As agency representatives gave reports on their grizzly recovery efforts, the turnover in leadership was evident, and there’s always a concern that so many new faces can slow committee progress. IGBC chair Jim Federicks said the timing of the meeting made things even tougher, due to the pending decision on state-initiated grizzly bear delisting petitions.
“There’s a lot that’s going to happen in the next month, and we’ll be able to have more meaningful discussions when we have a better sense of what the decisions coming out of the Fish and Wildlife Service are going to be,” Fredericks said. “We did contemplate pushing this meeting back until the new year, but given that a lot of what we have on the agenda are updates from the subcommittees, I think there’s still value in being here.”
The updates included a litany of all the people leaving their jobs. On Tuesday, the Lolo National Forest formally announced the retirement of Forest Supervisor Carolyn Upton, but she joins a long line of supervisors who’ve moved on.

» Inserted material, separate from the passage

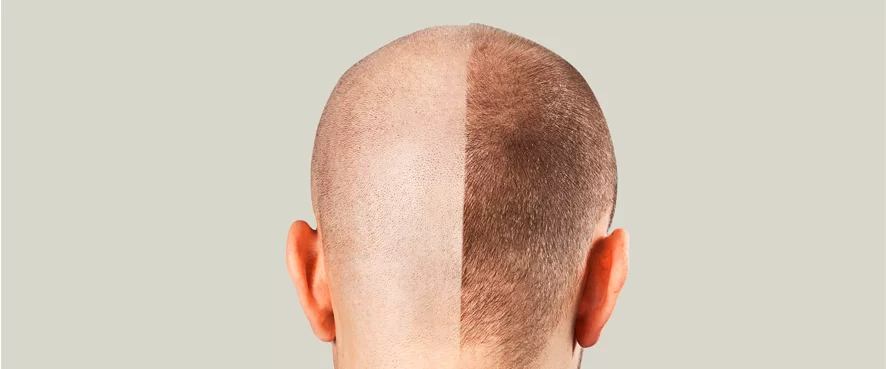 Saç Ekimi Nasıl Yapılır? Nelere Dikkat Edilmeli?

Region 1 deputy forester Ben South said four national forests in his region — the Flathead, Custer-Gallatin, Beaverhead-Deerlodge and Nez Perce-Clearwater — have been assigned new supervisors in the past year, and now he’ll have to replace Upton.
Delgado said the entire Region 2 regional forester team, including herself, is new this year. Delgado came over from the Department of Agriculture. Over in Washington state and Region 6, Jackie Buchanan took over as regional forester this year, and the Okanogan-Wenatchee Forest east of North Cascades National Park has a new supervisor.

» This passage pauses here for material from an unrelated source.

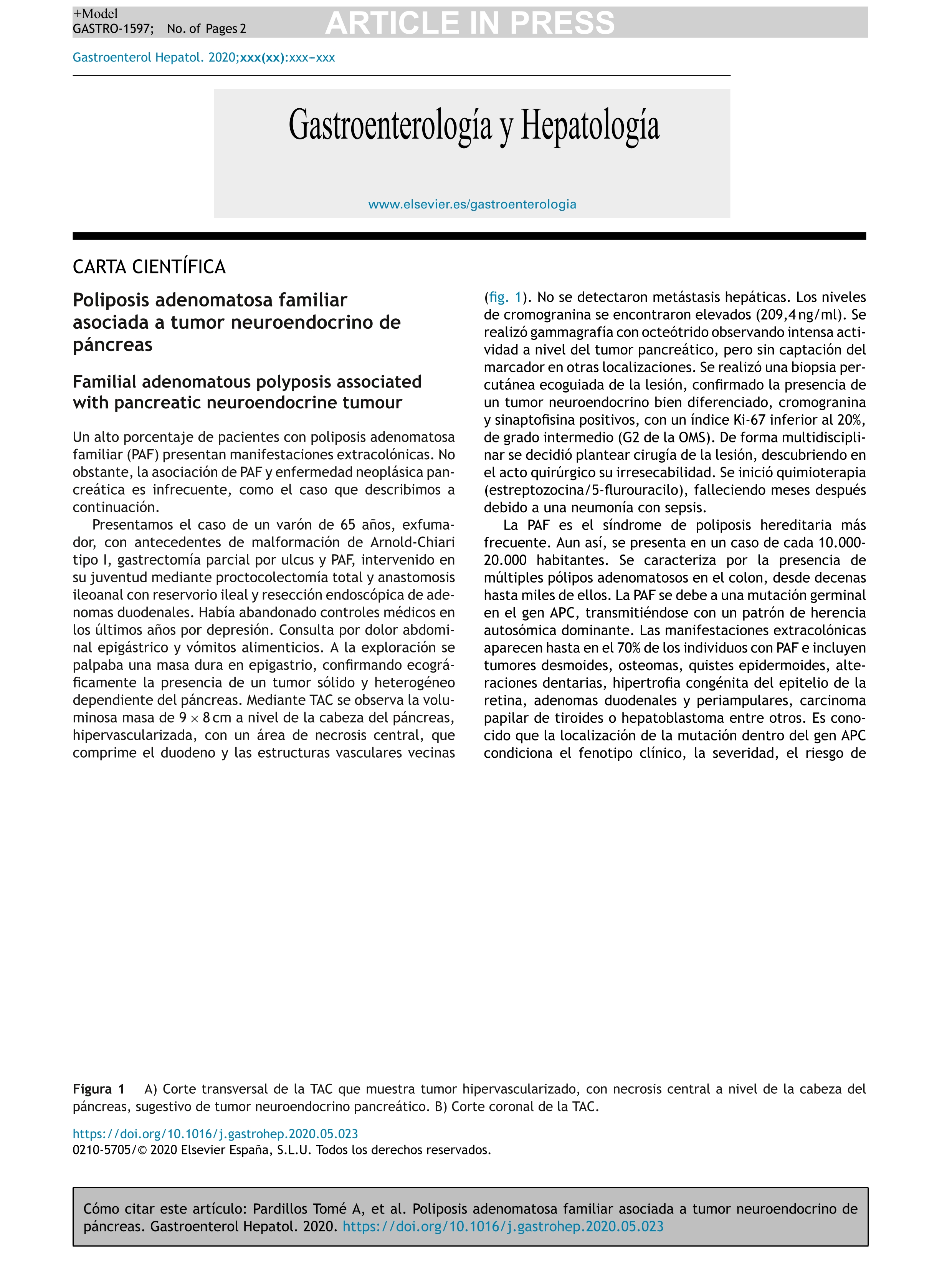 Poliposis adenomatosa familiar asociada a tumor neuroendocrino de páncreas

At Montana Fish, Wildlife & Parks, Region 1 supervisor Lee Anderson, who has been the chair of the Northern Continental Divide Ecosystem subcommittee, announced he is retiring in 10 days.
Region 3 in Bozeman has hired biologist Kelly Proffitt as its new supervisor after Marina Yoshioka moved up to acting director a month ago. Last week, Governor Greg Gianforte announced Department of Agriculture director Christy Clark would be the new FWP director.
The new leaders will have new issues to deal with but fewer resources to call on after the Fish and Wildlife Service decisions are announced on Jan. 20.